Le procureur général de Tsahal, Itai Ofir, a décidé ce jeudi d’annuler l’acte d’accusation visant cinq soldats impliqués dans l’affaire « Sde Teman », a annoncé le porte-parole de l’armée israélienne. Cette décision intervient à l’issue d’un réexamen complet du dossier et des éléments de preuve.
Les réservistes impliqués servant dans la "Force 100" étaient notamment suspectés de viol à l'encontre d'un détenu palestinien à la base militaire de Sde Teman, qui abrite de nombreux terroristes suspectés d'être impliqués dans les attaques du 7 octobre.
Selon l’armée, plusieurs facteurs ont conduit à l’abandon des poursuites, notamment le manque de preuves, des irrégularités dans la conduite de l’affaire et des atteintes au droit des accusés à un procès équitable. Des responsables proches du procureur militaire ont également évoqué des comportements jugés inhabituels de la part de certains hauts responsables impliqués dans le dossier.
L'un des développements majeurs en faveur des soldats réside dans le fait que le détenu victime de violences présumées - qui constitue le principal témoin dans l'affaire - a été relâché de prison et est retourné à Gaza dans le cadre des accords de libération d'otages incluant en échange la libération de terroristes palestiniens.
L’entourage du procureur général militaire a qualifié cette décision de « courageuse » et « difficile », estimant qu’il était impossible d’obtenir une condamnation dans ces conditions. Selon ces sources, même si la procédure judiciaire avait duré plusieurs années, les soldats auraient probablement été acquittés.
Le chef d’état-major de l’armée israélienne, Eyal Zamir, a apporté son plein soutien à cette décision et a demandé que les leçons de cette affaire soient tirées afin d’éviter des dysfonctionnements similaires à l’avenir.

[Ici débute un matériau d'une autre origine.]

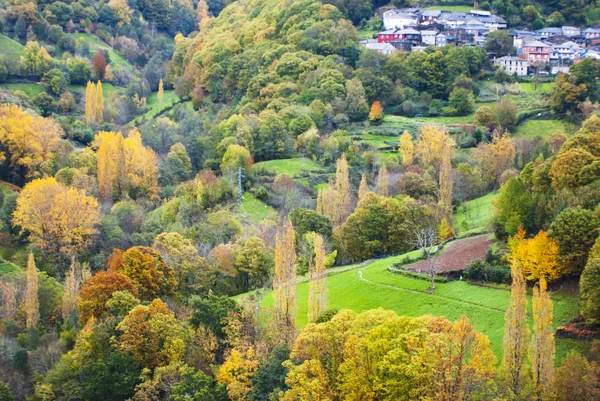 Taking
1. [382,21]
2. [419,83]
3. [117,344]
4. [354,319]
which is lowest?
[117,344]

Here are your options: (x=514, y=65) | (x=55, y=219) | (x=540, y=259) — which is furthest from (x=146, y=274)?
(x=514, y=65)

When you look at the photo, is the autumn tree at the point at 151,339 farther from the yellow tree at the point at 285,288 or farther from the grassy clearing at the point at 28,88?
the grassy clearing at the point at 28,88

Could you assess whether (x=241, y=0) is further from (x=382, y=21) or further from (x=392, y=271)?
(x=392, y=271)

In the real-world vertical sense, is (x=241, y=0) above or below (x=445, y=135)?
above

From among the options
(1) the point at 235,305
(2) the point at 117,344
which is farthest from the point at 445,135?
(2) the point at 117,344

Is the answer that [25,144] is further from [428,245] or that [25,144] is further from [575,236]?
[575,236]

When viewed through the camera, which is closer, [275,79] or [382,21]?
[275,79] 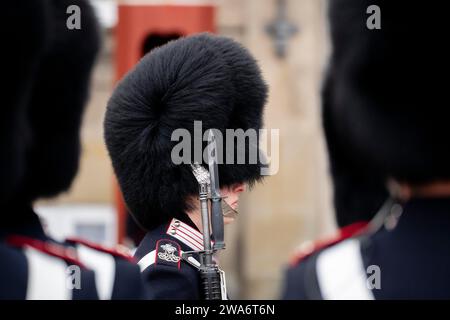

D’après plusieurs informations relayées dans les médias israéliens, l’abandon des charges serait également lié à ce que des responsables militaires ont décrit comme une « conduite grave » de certains anciens cadres du système judiciaire militaire. Le procureur général militaire a toutefois assuré qu’aucune pression politique n’avait été exercée pour classer l’affaire. La conseillère juridique du gouvernement aurait été informée de la décision peu avant son annonce publique.
Réactions politiques
La décision a rapidement suscité de nombreuses réactions au sein de la classe politique israélienne. Le député Likoud Boaz Bismuth s’est félicité de la fin de ce qu’il a qualifié « d’accusation infondée » contre les soldats, annonçant que la commission des Affaires étrangères et de la Défense de la Knesset, qu’il préside, examinerait les irrégularités mises en lumière par l’affaire.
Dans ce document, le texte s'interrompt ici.